[Short text fragments from websites]
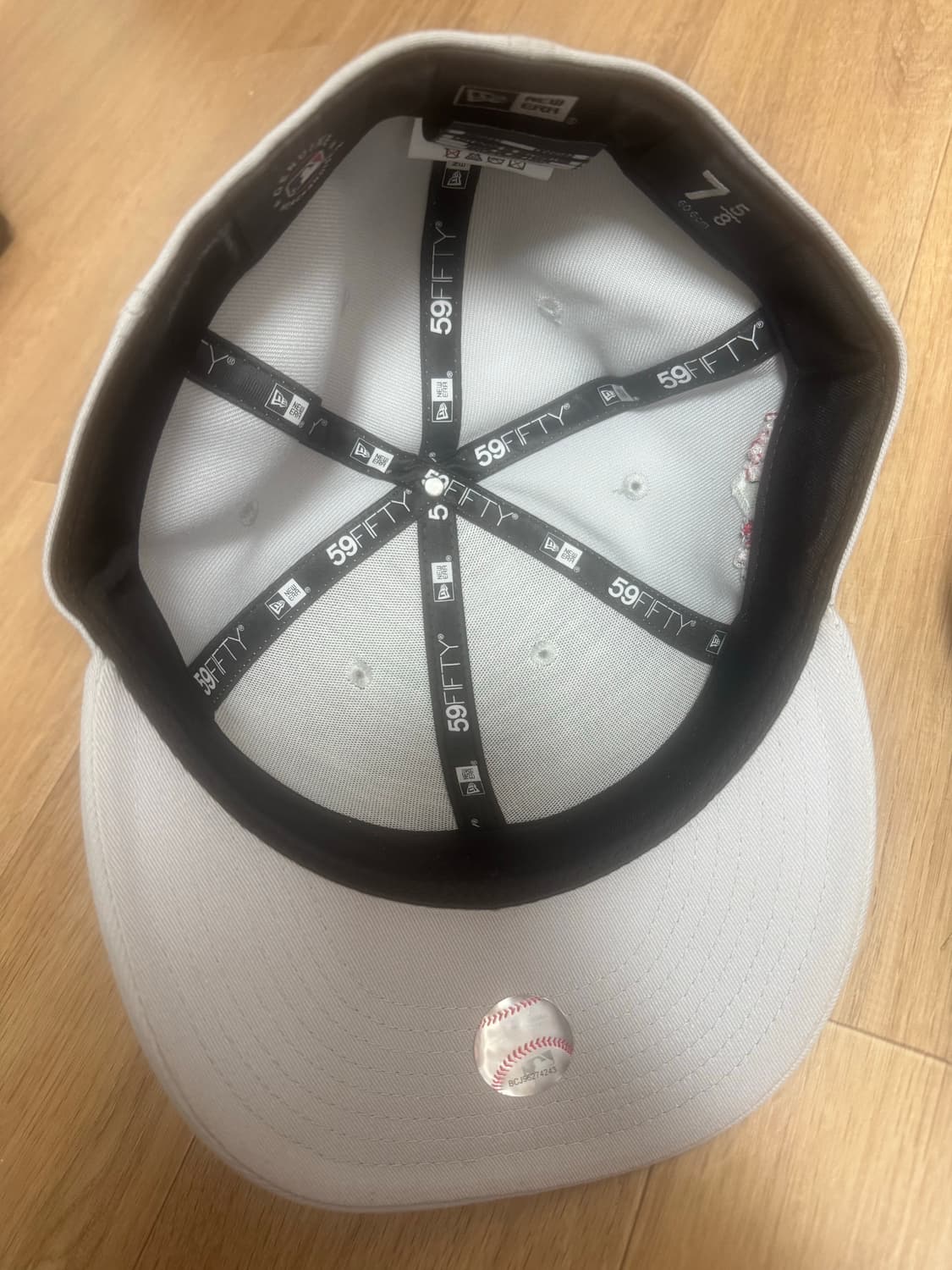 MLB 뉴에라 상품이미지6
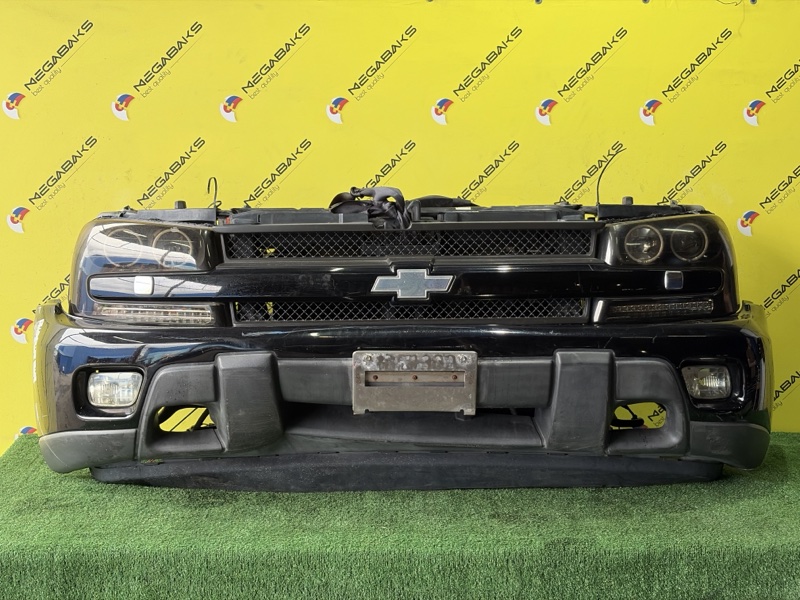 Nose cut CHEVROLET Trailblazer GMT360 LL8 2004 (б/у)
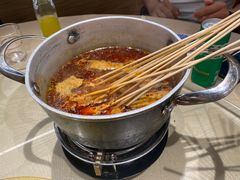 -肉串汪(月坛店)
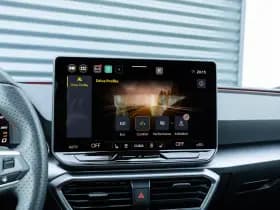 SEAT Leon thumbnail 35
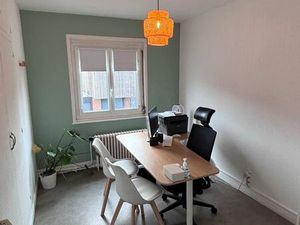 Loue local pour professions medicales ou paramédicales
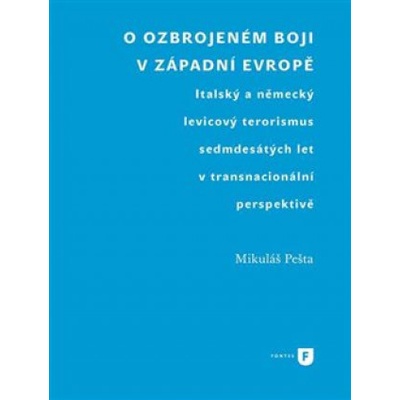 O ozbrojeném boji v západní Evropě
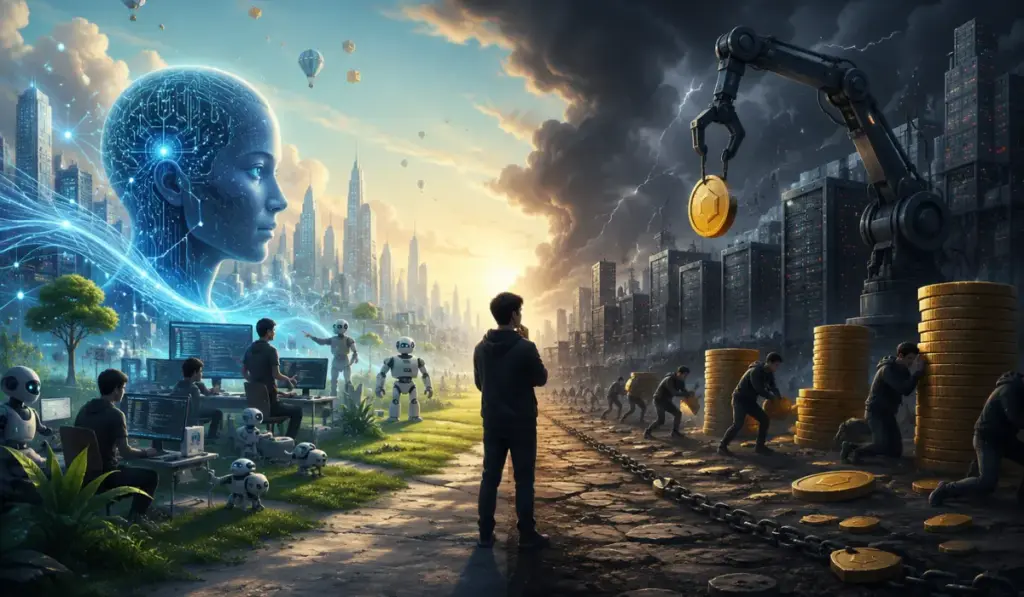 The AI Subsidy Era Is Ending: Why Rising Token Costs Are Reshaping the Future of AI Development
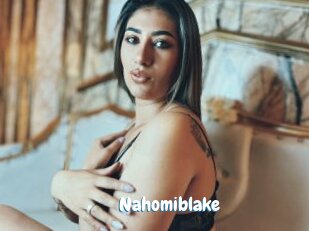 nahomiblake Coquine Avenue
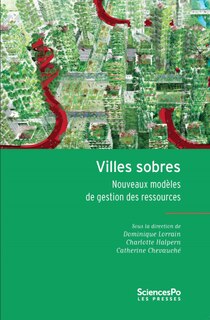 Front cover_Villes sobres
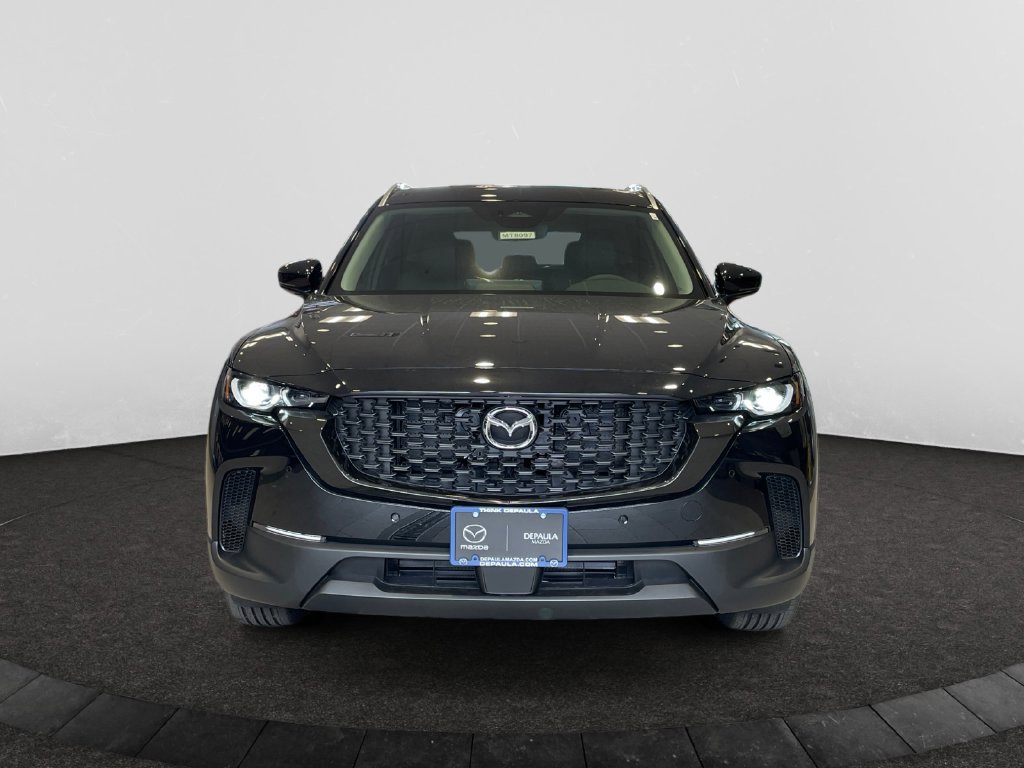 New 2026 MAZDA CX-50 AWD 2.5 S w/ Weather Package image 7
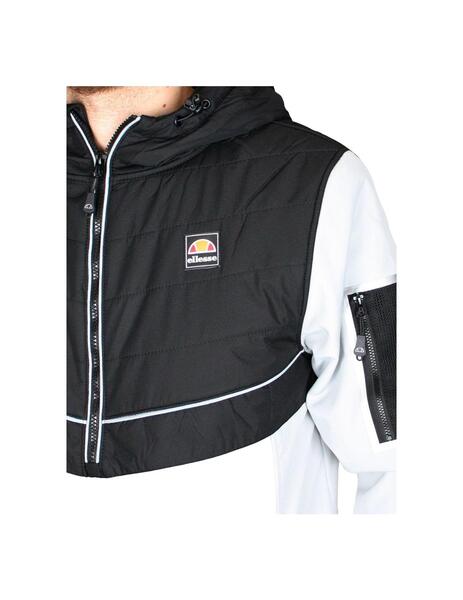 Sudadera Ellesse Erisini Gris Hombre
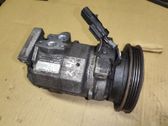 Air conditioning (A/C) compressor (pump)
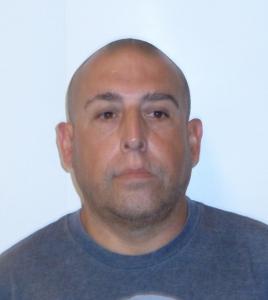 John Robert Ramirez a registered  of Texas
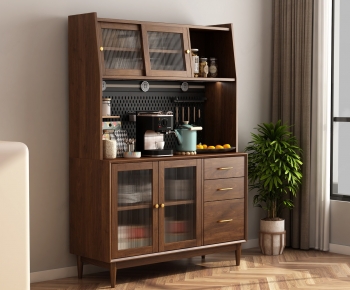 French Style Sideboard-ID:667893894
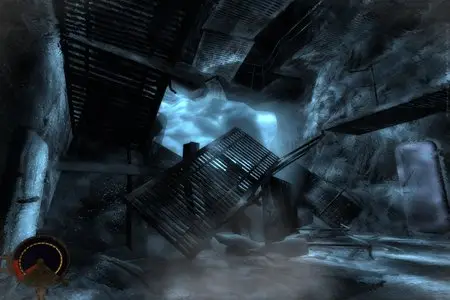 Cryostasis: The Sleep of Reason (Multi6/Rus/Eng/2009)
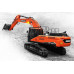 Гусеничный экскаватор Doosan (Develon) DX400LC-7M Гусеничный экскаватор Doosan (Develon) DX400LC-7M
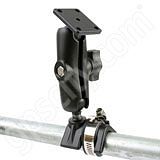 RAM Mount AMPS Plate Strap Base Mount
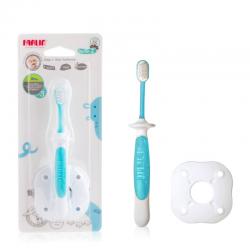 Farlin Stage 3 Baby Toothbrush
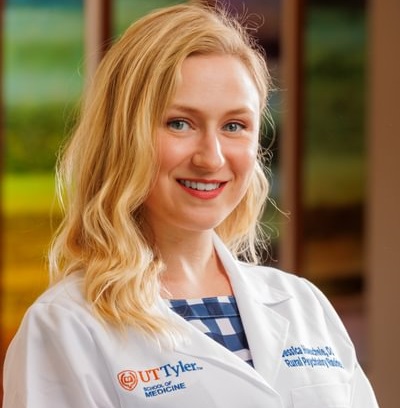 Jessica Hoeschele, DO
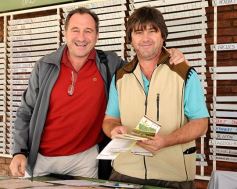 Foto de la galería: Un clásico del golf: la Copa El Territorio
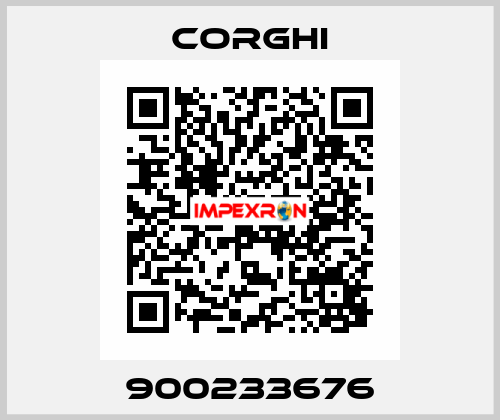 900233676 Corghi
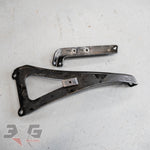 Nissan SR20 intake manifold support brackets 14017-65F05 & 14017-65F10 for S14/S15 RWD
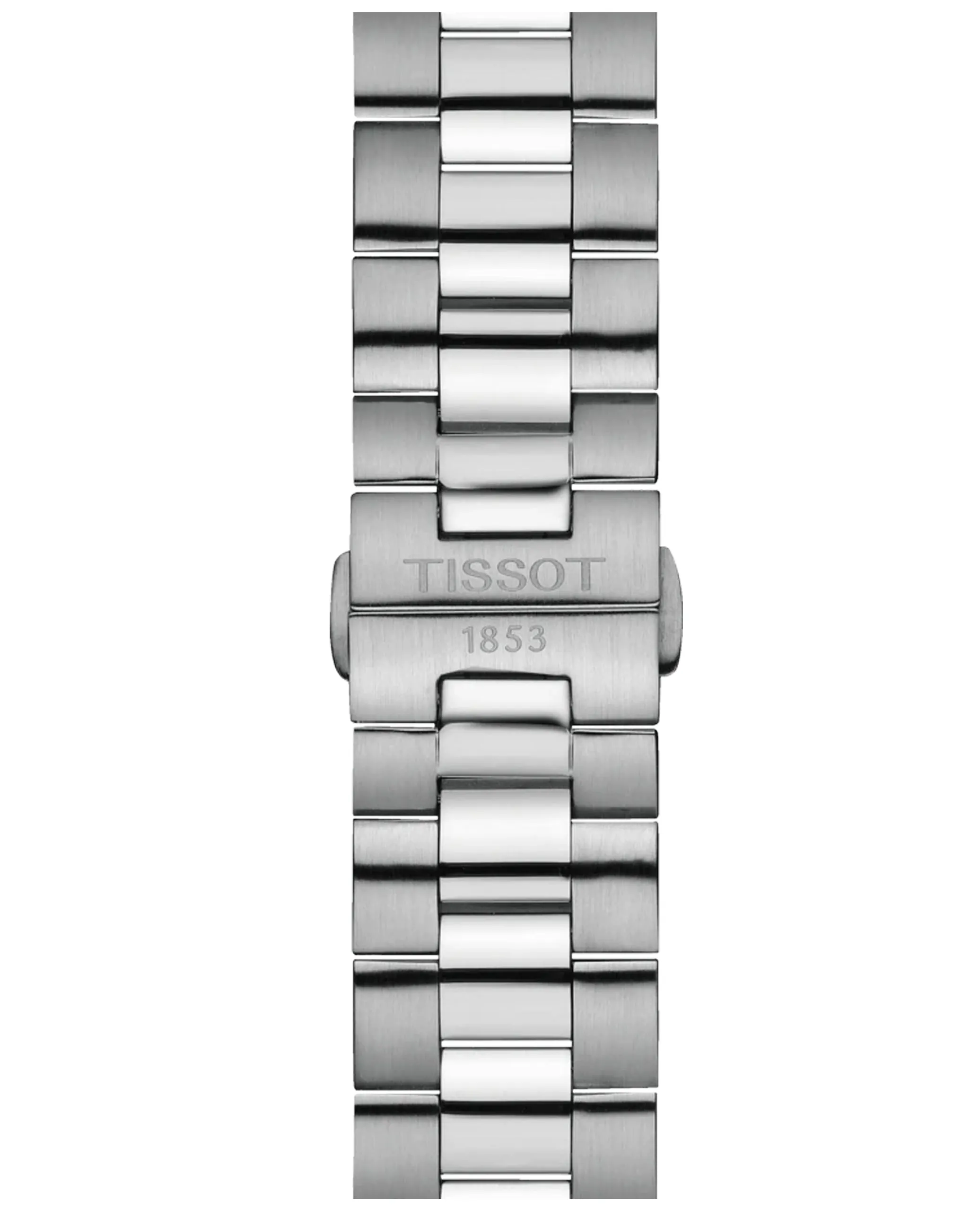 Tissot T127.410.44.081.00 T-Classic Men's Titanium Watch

TASK TO COMPLETE
Without the images, write out each line of the data verbatim.

RESPONSE TO THIS TASK
 MLB 뉴에라 상품이미지6
 Nose cut CHEVROLET Trailblazer GMT360 LL8 2004 (б/у)
 -肉串汪(月坛店)
 SEAT Leon thumbnail 35
 Loue local pour professions medicales ou paramédicales
 O ozbrojeném boji v západní Evropě
 The AI Subsidy Era Is Ending: Why Rising Token Costs Are Reshaping the Future of AI Development
 nahomiblake Coquine Avenue
 Front cover_Villes sobres
 New 2026 MAZDA CX-50 AWD 2.5 S w/ Weather Package image 7
 Sudadera Ellesse Erisini Gris Hombre
 Air conditioning (A/C) compressor (pump)
 John Robert Ramirez a registered  of Texas
 French Style Sideboard-ID:667893894
 Cryostasis: The Sleep of Reason (Multi6/Rus/Eng/2009)
 Гусеничный экскаватор Doosan (Develon) DX400LC-7M Гусеничный экскаватор Doosan (Develon) DX400LC-7M
 RAM Mount AMPS Plate Strap Base Mount
 Farlin Stage 3 Baby Toothbrush
 Jessica Hoeschele, DO
 Foto de la galería: Un clásico del golf: la Copa El Territorio
 900233676 Corghi
 Nissan SR20 intake manifold support brackets 14017-65F05 & 14017-65F10 for S14/S15 RWD
 Tissot T127.410.44.081.00 T-Classic Men's Titanium Watch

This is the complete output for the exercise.